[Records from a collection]
□ □ □ □ □

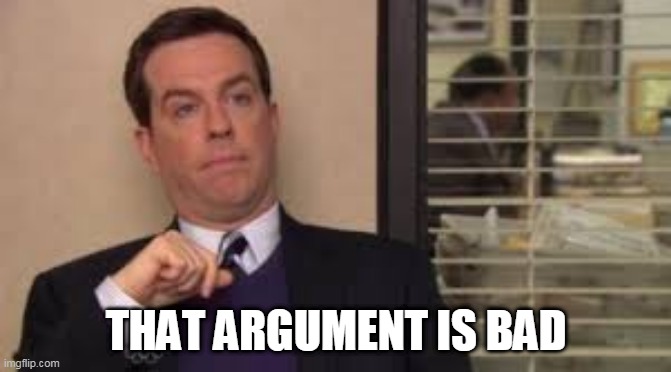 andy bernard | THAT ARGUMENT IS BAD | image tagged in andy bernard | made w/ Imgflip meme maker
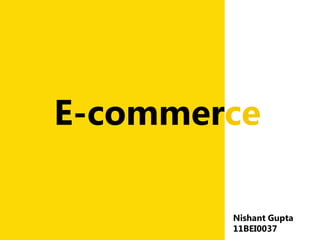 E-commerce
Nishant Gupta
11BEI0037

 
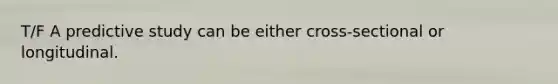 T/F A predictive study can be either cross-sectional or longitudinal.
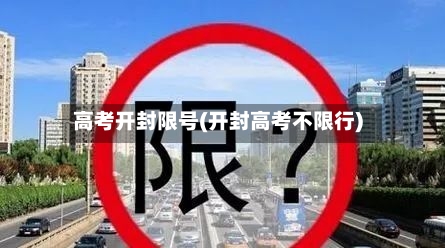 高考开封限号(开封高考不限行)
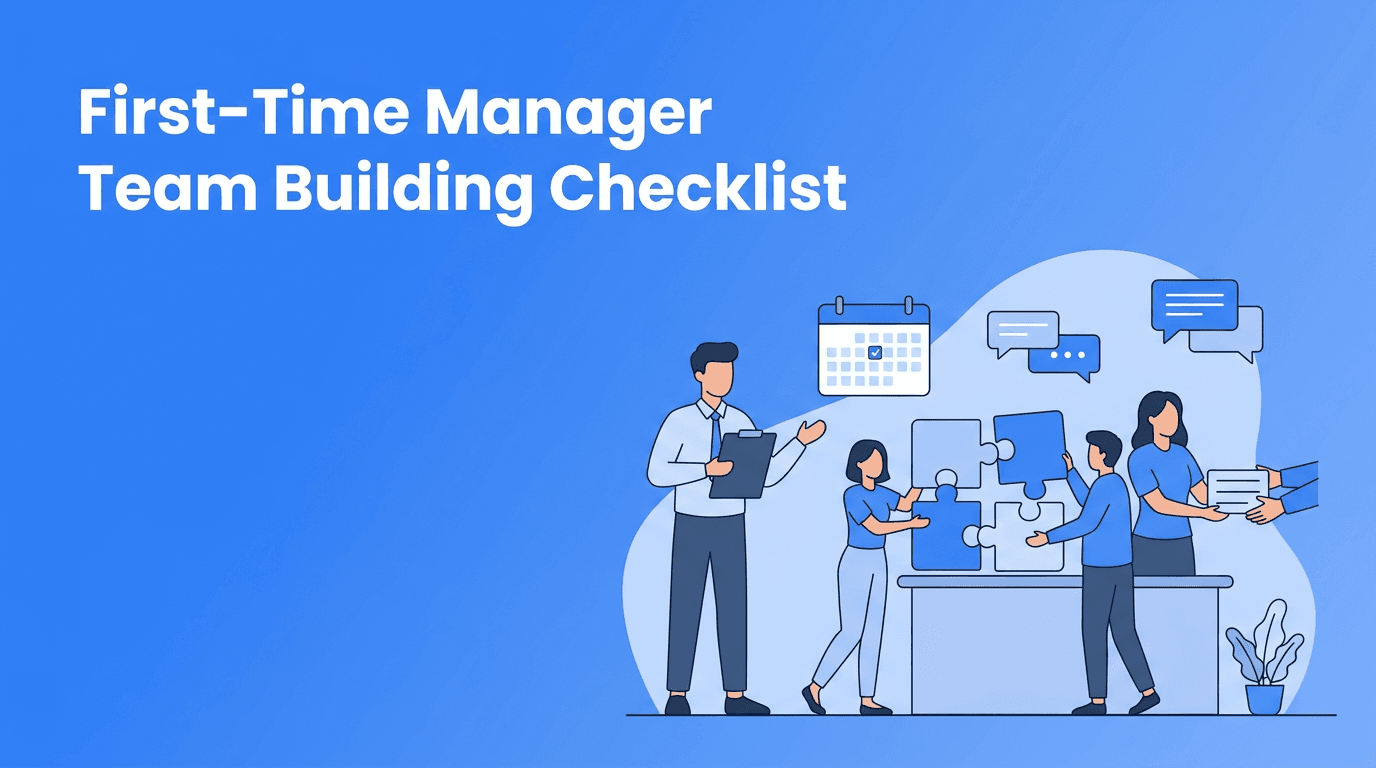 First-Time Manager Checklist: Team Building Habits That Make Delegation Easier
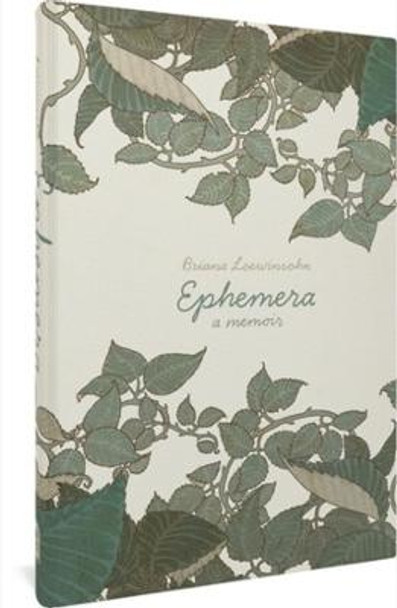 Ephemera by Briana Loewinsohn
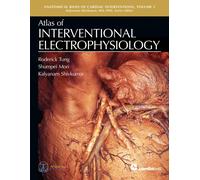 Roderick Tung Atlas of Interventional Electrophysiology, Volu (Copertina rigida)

□ □ □ □ □

Lines before the one containing "Nishant Gupta" are not wanted; write out that line and every later line through the end of the data above, exactly, without pictures.

Nishant Gupta
11BEI0037

 
 T/F A predictive study can be either cross-sectional or longitudinal.
 高考开封限号(开封高考不限行)
 First-Time Manager Checklist: Team Building Habits That Make Delegation Easier
 Ephemera by Briana Loewinsohn
 Roderick Tung Atlas of Interventional Electrophysiology, Volu (Copertina rigida)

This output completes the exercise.